#### Extracted entries:
┄┄┄┄┄┄┄┄┄┄

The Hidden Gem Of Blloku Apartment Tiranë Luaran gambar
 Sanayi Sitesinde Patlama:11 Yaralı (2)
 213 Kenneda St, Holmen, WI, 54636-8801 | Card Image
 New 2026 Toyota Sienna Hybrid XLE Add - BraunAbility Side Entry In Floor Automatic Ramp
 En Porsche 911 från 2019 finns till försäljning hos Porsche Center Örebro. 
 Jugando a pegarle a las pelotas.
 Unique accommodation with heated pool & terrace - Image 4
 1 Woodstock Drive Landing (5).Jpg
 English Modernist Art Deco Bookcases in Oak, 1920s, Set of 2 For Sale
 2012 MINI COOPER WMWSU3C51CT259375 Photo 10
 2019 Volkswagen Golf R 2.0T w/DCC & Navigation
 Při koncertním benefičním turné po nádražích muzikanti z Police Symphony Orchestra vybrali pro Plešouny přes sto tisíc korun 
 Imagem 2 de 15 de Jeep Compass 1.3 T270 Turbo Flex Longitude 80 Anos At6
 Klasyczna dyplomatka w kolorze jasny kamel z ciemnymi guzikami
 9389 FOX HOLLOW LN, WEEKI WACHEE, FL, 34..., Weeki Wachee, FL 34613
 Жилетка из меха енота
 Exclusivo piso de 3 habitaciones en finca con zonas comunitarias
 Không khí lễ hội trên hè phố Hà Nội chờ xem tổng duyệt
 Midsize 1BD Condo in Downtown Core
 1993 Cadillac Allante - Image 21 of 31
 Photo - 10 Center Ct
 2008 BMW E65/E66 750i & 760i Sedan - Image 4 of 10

┄┄┄┄┄┄┄┄┄┄

#### Your instructions:
Exactly as given, please retype all the entries.

#### Written solution:
The Hidden Gem Of Blloku Apartment Tiranë Luaran gambar
 Sanayi Sitesinde Patlama:11 Yaralı (2)
 213 Kenneda St, Holmen, WI, 54636-8801 | Card Image
 New 2026 Toyota Sienna Hybrid XLE Add - BraunAbility Side Entry In Floor Automatic Ramp
 En Porsche 911 från 2019 finns till försäljning hos Porsche Center Örebro. 
 Jugando a pegarle a las pelotas.
 Unique accommodation with heated pool & terrace - Image 4
 1 Woodstock Drive Landing (5).Jpg
 English Modernist Art Deco Bookcases in Oak, 1920s, Set of 2 For Sale
 2012 MINI COOPER WMWSU3C51CT259375 Photo 10
 2019 Volkswagen Golf R 2.0T w/DCC & Navigation
 Při koncertním benefičním turné po nádražích muzikanti z Police Symphony Orchestra vybrali pro Plešouny přes sto tisíc korun 
 Imagem 2 de 15 de Jeep Compass 1.3 T270 Turbo Flex Longitude 80 Anos At6
 Klasyczna dyplomatka w kolorze jasny kamel z ciemnymi guzikami
 9389 FOX HOLLOW LN, WEEKI WACHEE, FL, 34..., Weeki Wachee, FL 34613
 Жилетка из меха енота
 Exclusivo piso de 3 habitaciones en finca con zonas comunitarias
 Không khí lễ hội trên hè phố Hà Nội chờ xem tổng duyệt
 Midsize 1BD Condo in Downtown Core
 1993 Cadillac Allante - Image 21 of 31
 Photo - 10 Center Ct
 2008 BMW E65/E66 750i & 760i Sedan - Image 4 of 10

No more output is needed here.